PaddlePaddle / Paddle

PArallel Distributed Deep LEarning: Machine Learning Framework from Industrial Practice (『飞桨』核心框架,深度学习&机器学习高性能单机、分布式训练和跨平台部署)
http://www.paddlepaddle.org/
Apache License 2.0
22.23k stars 5.58k forks source link

large memory used when infer #11185

Closed tensor-tang closed 6 years ago

tensor-tang commented 6 years ago

This is an issue of NLP online service.

When run inference, the memory usage is always kept as about 6G, which is definitely larger than actually needed.

image

ChinaLiuHao commented 6 years ago

I meet this situation too. In addition, when i use the inference by multi-thread way with "export OPENBLAS_NUM_THREADS=1", the program may end with the "Aborted" error!

tensor-tang commented 6 years ago

@ChinaLiuHao And as an addition, the "Abort" error is randomly encountered, not always appears.

luotao1 commented 6 years ago

The OCR CRNN_CTC service also has a large memory: image

tensor-tang commented 6 years ago

https://github.com/PaddlePaddle/Paddle/blob/666c94e3be10c2290eb143fdff208684e9ee34fe/paddle/fluid/memory/detail/buddy_allocator.cc#L188-L192

This should be the reason. Paddle would alloc max chunk size at the first time.

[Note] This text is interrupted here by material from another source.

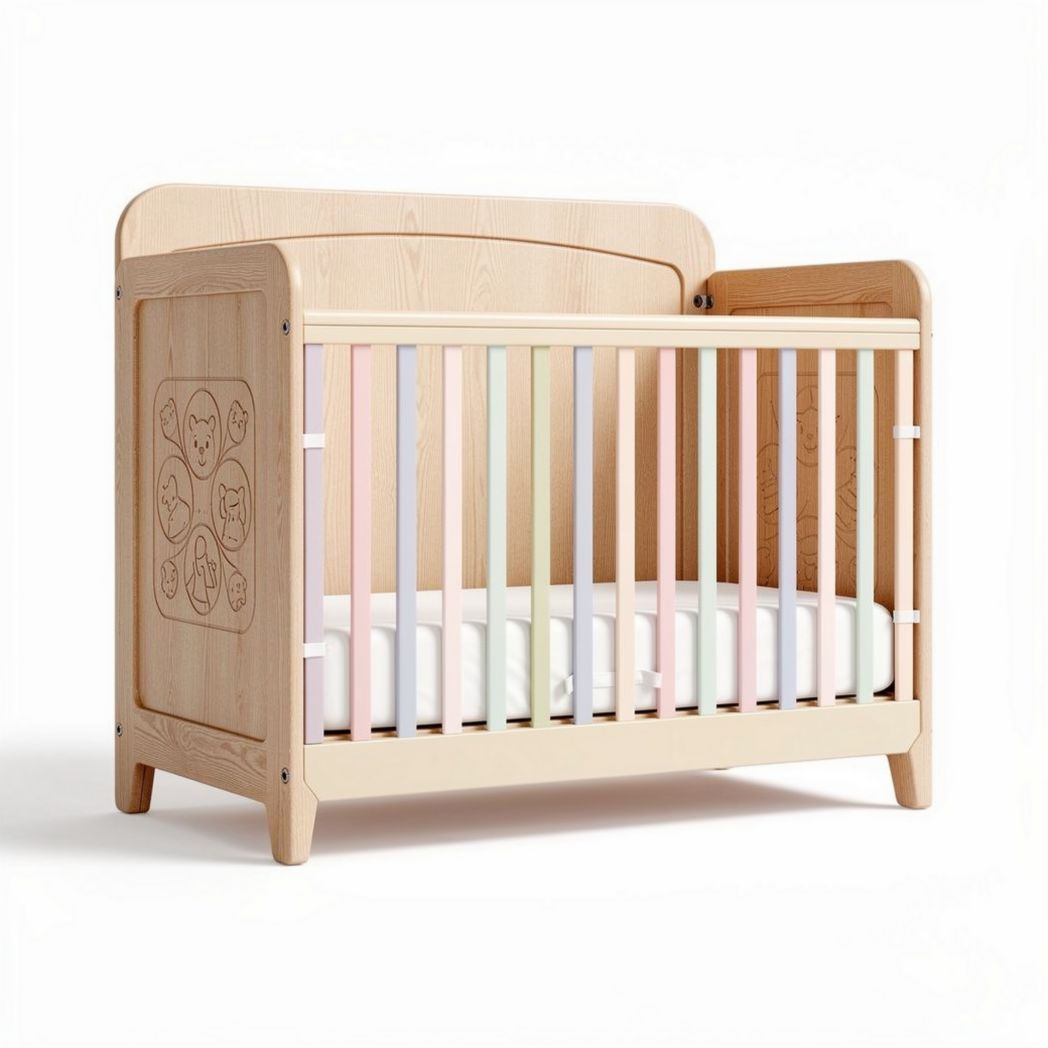 Lit bébé en bois de hêtre naturel avec barrières 120 x 60 x 90 cm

tensor-tang commented 6 years ago

After debugging we can found there is a flag to choose how much memory we would like to use at the first time. Default it would use about 3.2%(1/32) of your total memory.

usage:

your_app --fraction_of_cpu_memory_to_use=0.1 # it would use 3.2% * 0.1 of total

The track back should be like this:

https://github.com/PaddlePaddle/Paddle/blob/666c94e3be10c2290eb143fdff208684e9ee34fe/paddle/fluid/platform/cpu_info.cc#L26-L28

https://github.com/PaddlePaddle/Paddle/blob/666c94e3be10c2290eb143fdff208684e9ee34fe/paddle/fluid/platform/cpu_info.cc#L54-L58

https://github.com/PaddlePaddle/Paddle/blob/666c94e3be10c2290eb143fdff208684e9ee34fe/paddle/fluid/platform/cpu_info.cc#L65-L69

https://github.com/PaddlePaddle/Paddle/blob/666c94e3be10c2290eb143fdff208684e9ee34fe/paddle/fluid/memory/malloc.cc#L32-L36

tensor-tang commented 6 years ago

@ChinaLiuHao About the "Abort" issue, we can open another issue to discuss it. Thanks.